Found a new candidate for cheap sound. Well, more or less I suppose. 
It will play up to 8 sounds at once and has an on-board mixer and amplifier - $49 
https://www.sparkfun.com/products/12000 
http://robertsonics.com/wav-trigger/ 
A tad pricey but 8 tracks of playback with real-time mixing? 
Pretty slick.


----------



## toddalin (Jan 4, 2008)

Posted By Martan on 07 Feb 2014 06:42 PM 
Found a new candidate for cheap sound. Well, more or less I suppose. 
It will play up to 8 sounds at once and has an on-board mixer and amplifier - $49 
https://www.sparkfun.com/products/12000 
http://robertsonics.com/wav-trigger/ 
A tad pricey but 8 tracks of playback with real-time mixing? 
Pretty slick. 

Well considering that diesels go to "Run 8" you could theroetically get i all of the steps providing you could get each to trigger at a specific voltage, but no more than one at a time. You could also get by with fewer "Runs" and add a horn, etc. A bank of relays comes to mind.


----------



## Martan (Feb 4, 2012)

Not sure I follow? Why would you need relays? It has a serial port for controlling the sounds and will mix in real time. It supports up to 1000 wav files, you can assign any of them to any track. You could dedicate one track to engine sounds and swap notches (wav files) in real time, then use the other channels for bells, horns, what-have-you. I would probably dedicate two channels to the engine sounds, and fade them back and forth as I change notches. Not sure, I don't have one yet.

This is essentially what I'm doing with the two MP3 cards, one handles the notches, the other does horns and bells and stuff. However, the mp3 cards are not integrated into one unit, I have to switch the serial line back and forth between the two via a 4052 and my mixer is primitive at best. This board is a bit more expensive, roughly twice as much as a pair of mp3 cards and the glue required to run them (4052, amp, etc) but offers far more in terms of capabilities.


----------



## toddalin (Jan 4, 2008)

Posted By Martan on 08 Feb 2014 10:07 AM 
Not sure I follow? Why would you need relays?
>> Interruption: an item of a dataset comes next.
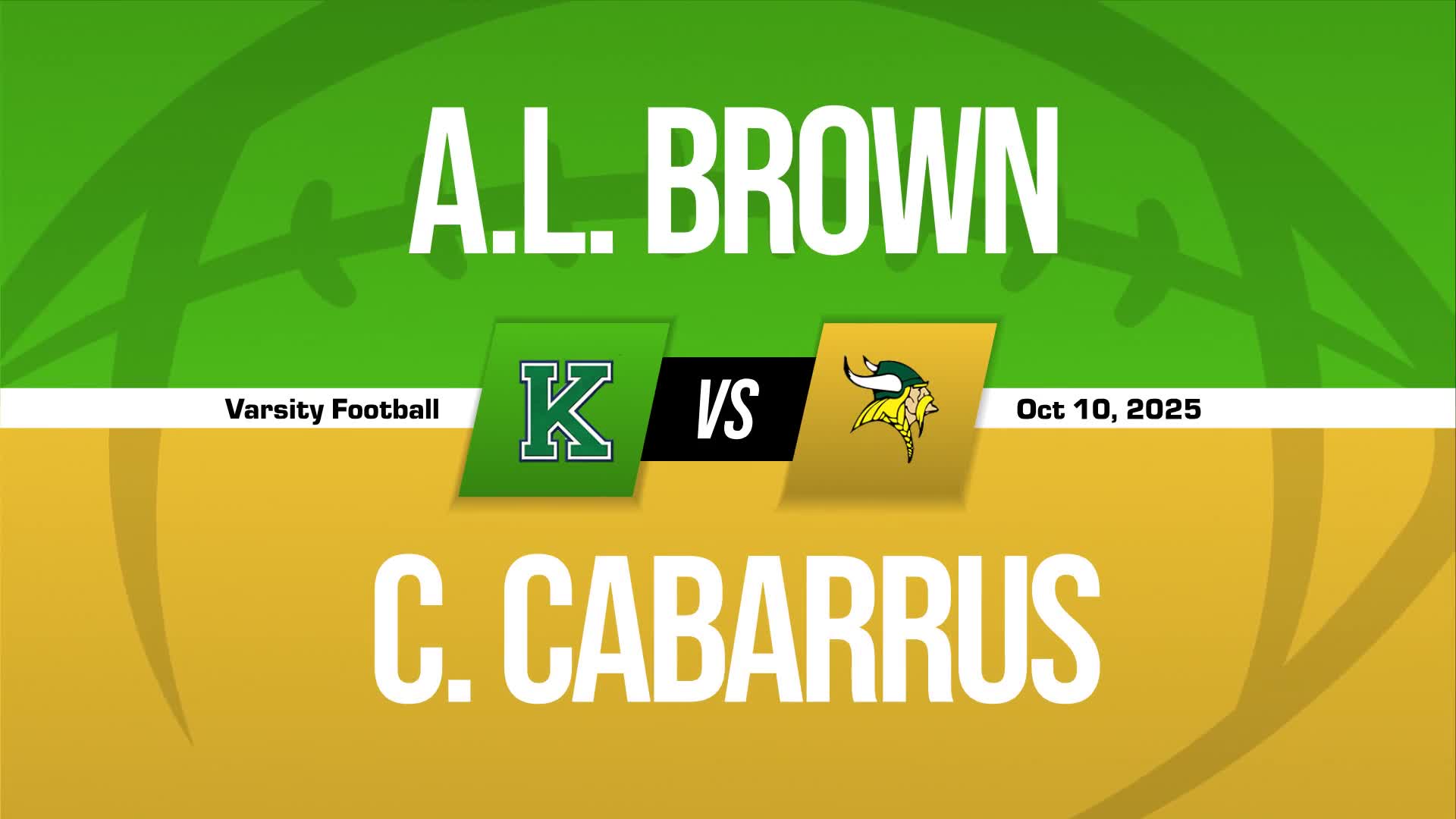 Football Game Preview: Central Cabarrus Vikings vs. Berry Cardin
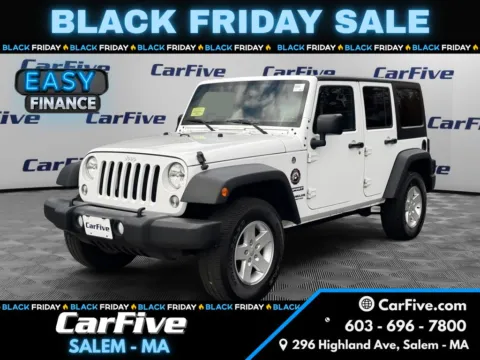 White 2017 Jeep Wrangler Unlimited Sport for sale in Salem, MA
It has a serial port for controlling the sounds and will mix in real time. It supports up to 1000 wav files, you can assign any of them to any track. You could dedicate one track to engine sounds and swap notches (wav files) in real time, then use the other channels for bells, horns, what-have-you. I would probably dedicate two channels to the engine sounds, and fade them back and forth as I change notches. Not sure, I don't have one yet.

This is essentially what I'm doing with the two MP3 cards, one handles the notches, the other does horns and bells and stuff. However, the mp3 cards are not integrated into one unit, I have to switch the serial line back and forth between the two via a 4052 and my mixer is primitive at best. This board is a bit more expensive, roughly twice as much as a pair of mp3 cards and the glue required to run them (4052, amp, etc) but offers far more in terms of capabilities.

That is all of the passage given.